PCA-Net is a recently proposed neural operator architecture which combines principal component analysis (PCA) with neural networks to approximate operators between infinite-dimensional function spaces. The present work develops approximation theory for this approach, improving and significantly extending previous work in this direction: First, a novel universal approximation result is derived, under minimal assumptions on the underlying operator and the data-generating distribution. Then, two potential obstacles to efficient operator learning with PCA-Net are identified, and made precise through lower complexity bounds; the first relates to the complexity of the output distribution, measured by a slow decay of the PCA eigenvalues. The other obstacle relates to the inherent complexity of the space of operators between infinite-dimensional input and output spaces, resulting in a rigorous and quantifiable statement of the curse of dimensionality. In addition to these lower bounds, upper complexity bounds are derived. A suitable smoothness criterion is shown to ensure an algebraic decay of the PCA eigenvalues. Furthermore, it is shown that PCA-Net can overcome the general curse of dimensionality for specific operators of interest, arising from the Darcy flow and the Navier-Stokes equations.
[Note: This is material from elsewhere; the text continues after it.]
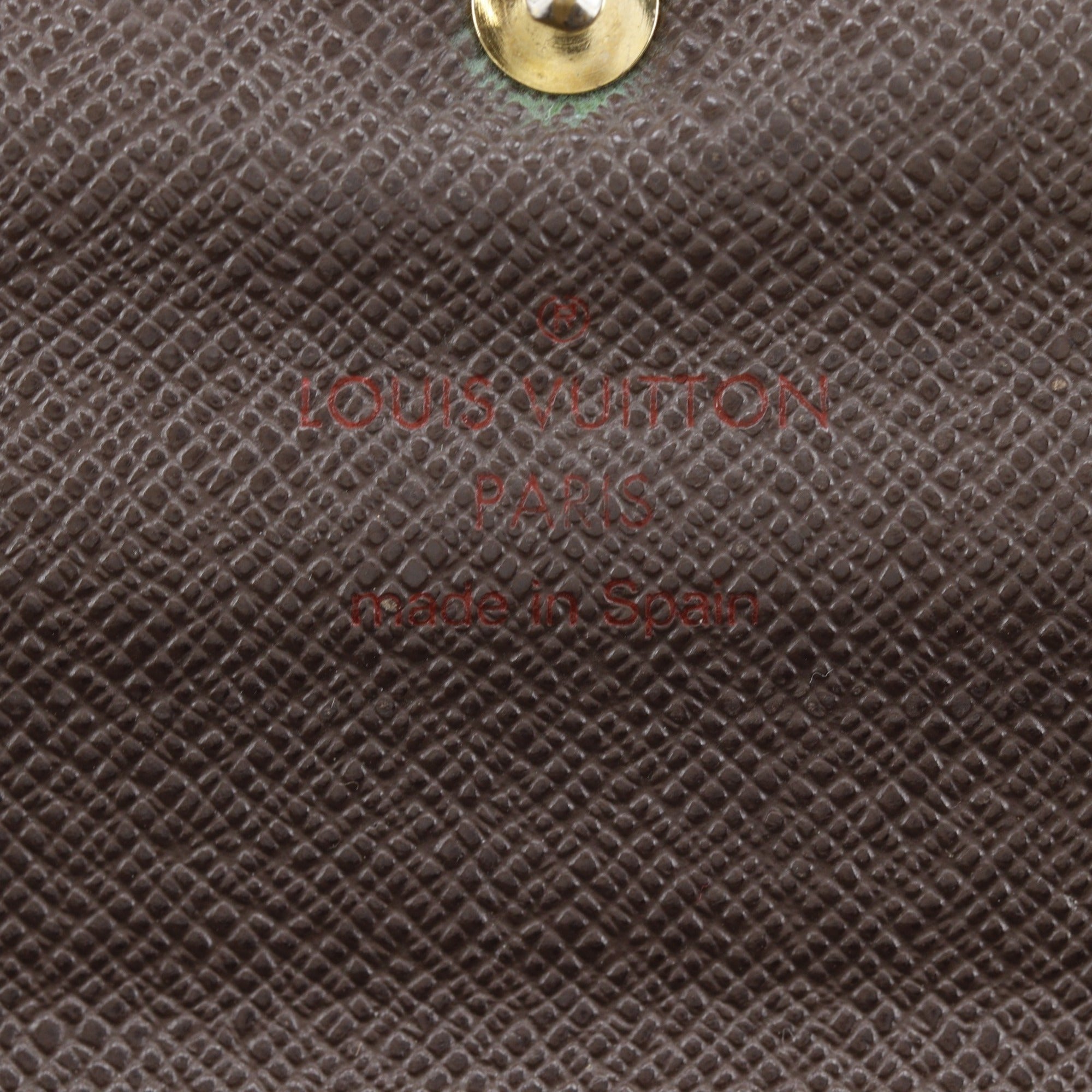 Louis Vuitton Brown Damier Canvas Long Wallet (Bi-Fold) (Pre-Owned)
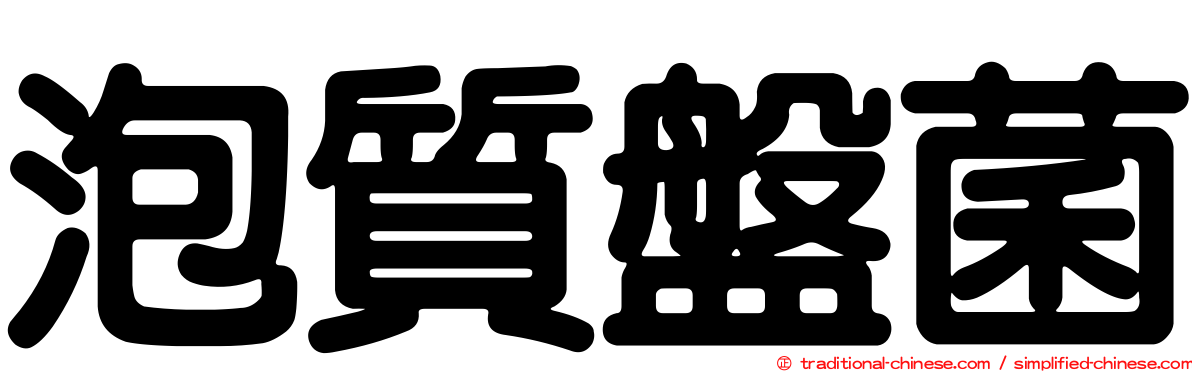 泡質盤菌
翻译：PCA-Net是近期提出的一种神经算子架构，它结合主成分分析（PCA）与神经网络来逼近无限维函数空间之间的算子。本文发展了该方法的逼近理论，改进并显著扩展了该方向的先前工作：首先，在算子和数据生成分布的最小假设条件下，推导了新颖的普适逼近结果。随后，识别了使用PCA-Net进行高效算子学习的两个潜在障碍，并通过下复杂度界精确刻画：第一个障碍与输出分布的复杂度相关，表现为PCA特征值的缓慢衰减；第二个障碍涉及无限维输入与输出空间之间算子空间的固有复杂度，由此得出了严格且可量化的维度灾难表述。除这些下界外，还推导了上复杂度界。证明了合适的平滑性准则可确保PCA特征值的代数衰减。此外，研究表明，对于源自达西流和纳维-斯托克斯方程的特定算子，PCA-Net能够克服一般性的维度灾难。